### [WORK TASK]
Excluding pictures, transcribe precisely the lines from the one containing "Dente do siso: entenda" to the final line of the listing below, inclusive, and nothing more.

### [SUPPLIED RECORDS]
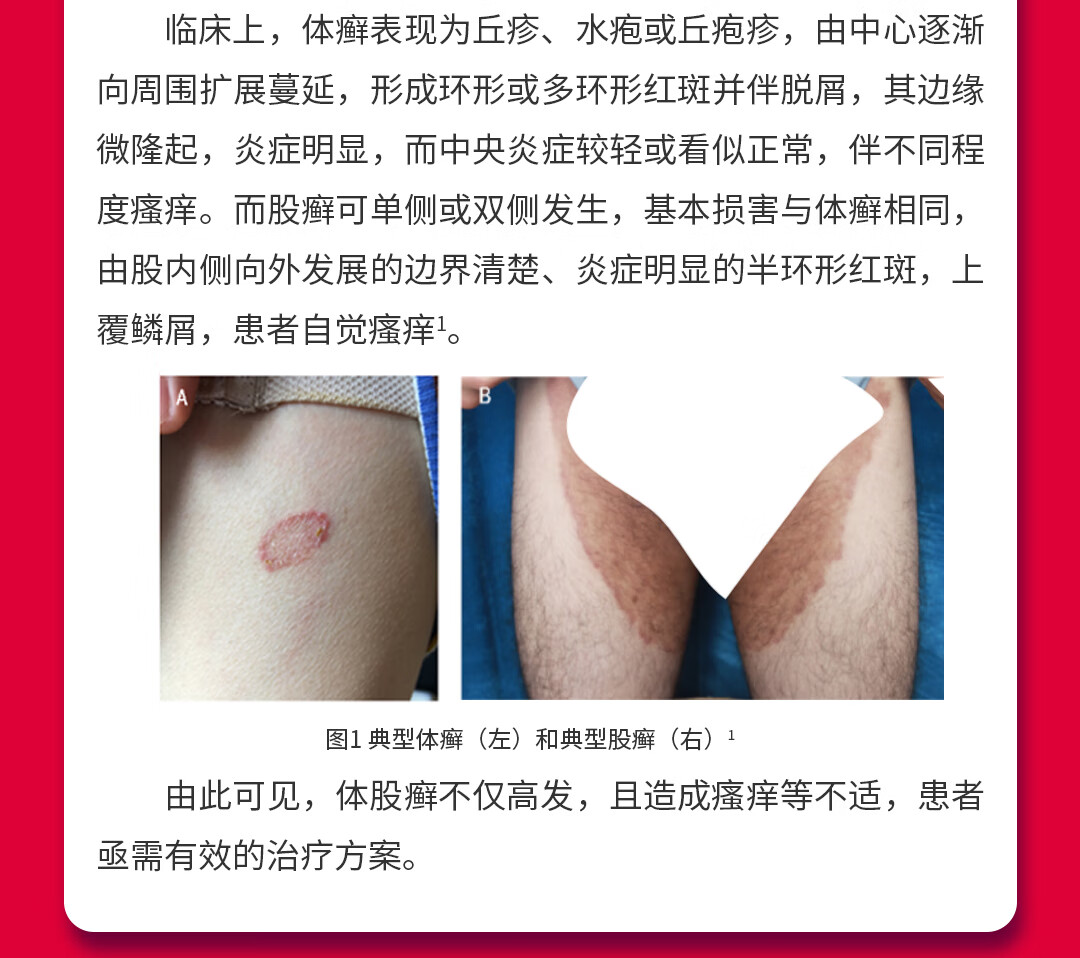 2.28酮康唑直播回顾3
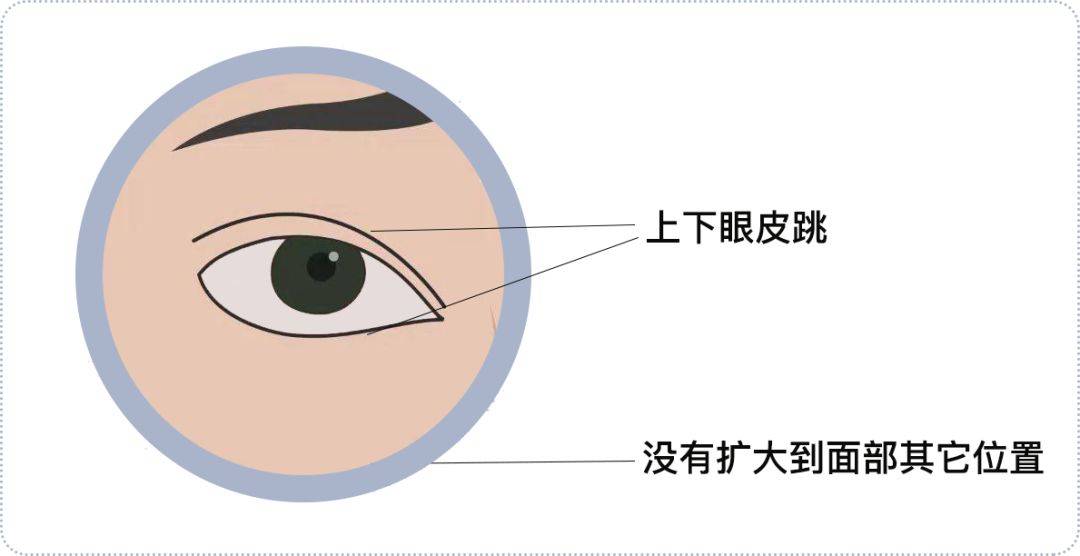 狐大医 | 关节响,打嗝,眼皮跳,这些小毛病是疾病的先兆吗?_手机搜狐网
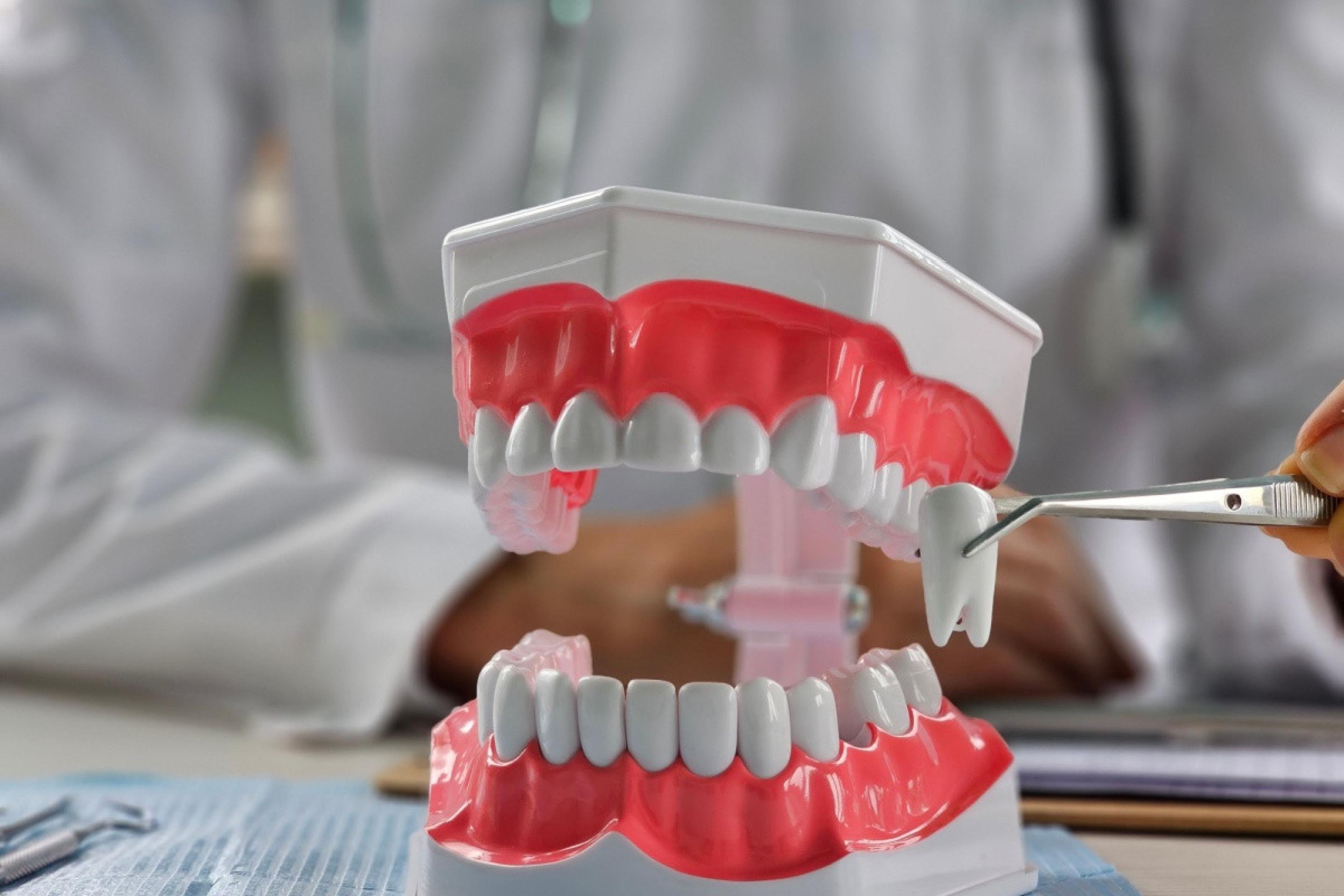 Dente do siso: entenda por que ele existe e quando a extração é necessária
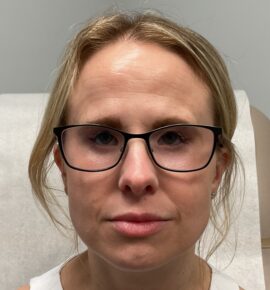 Injectable Fillers/Botox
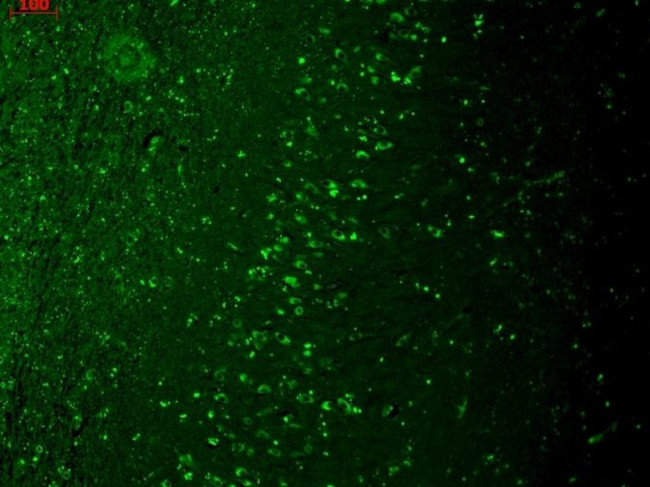 TRPM7 Antibody in Immunohistochemistry (Paraffin) (IHC (P))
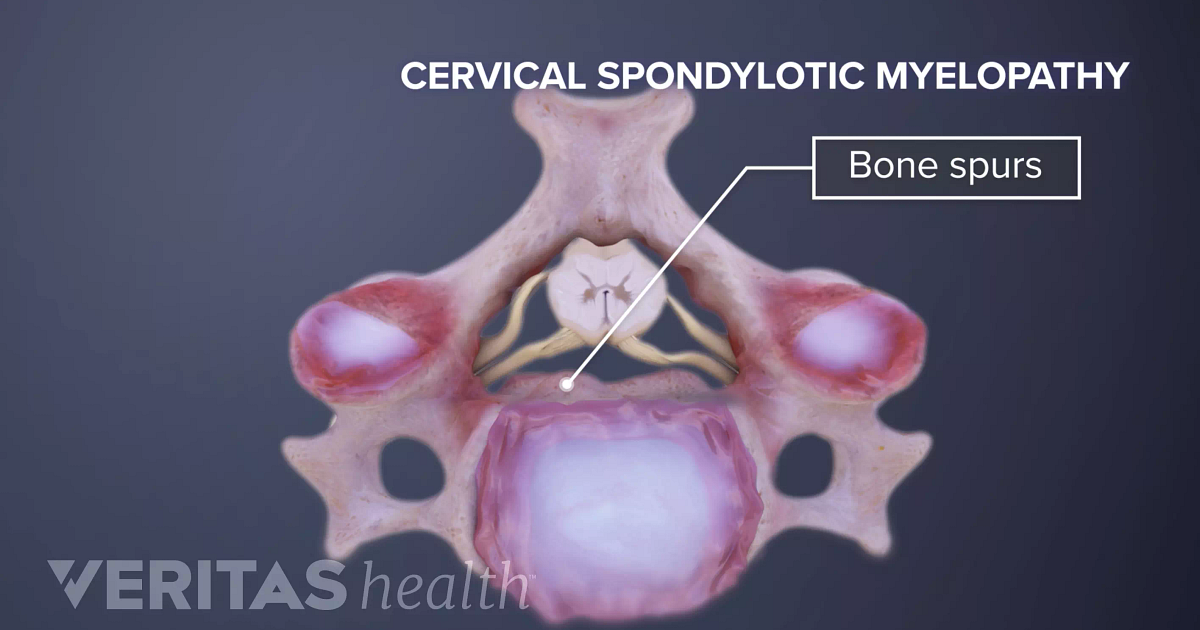 Cervical Myelopathy Definition | Back Pain And Neck Pain Medical Glossary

### [WRITTEN SOLUTION]
 Dente do siso: entenda por que ele existe e quando a extração é necessária
 Injectable Fillers/Botox
 TRPM7 Antibody in Immunohistochemistry (Paraffin) (IHC (P))
 Cervical Myelopathy Definition | Back Pain And Neck Pain Medical Glossary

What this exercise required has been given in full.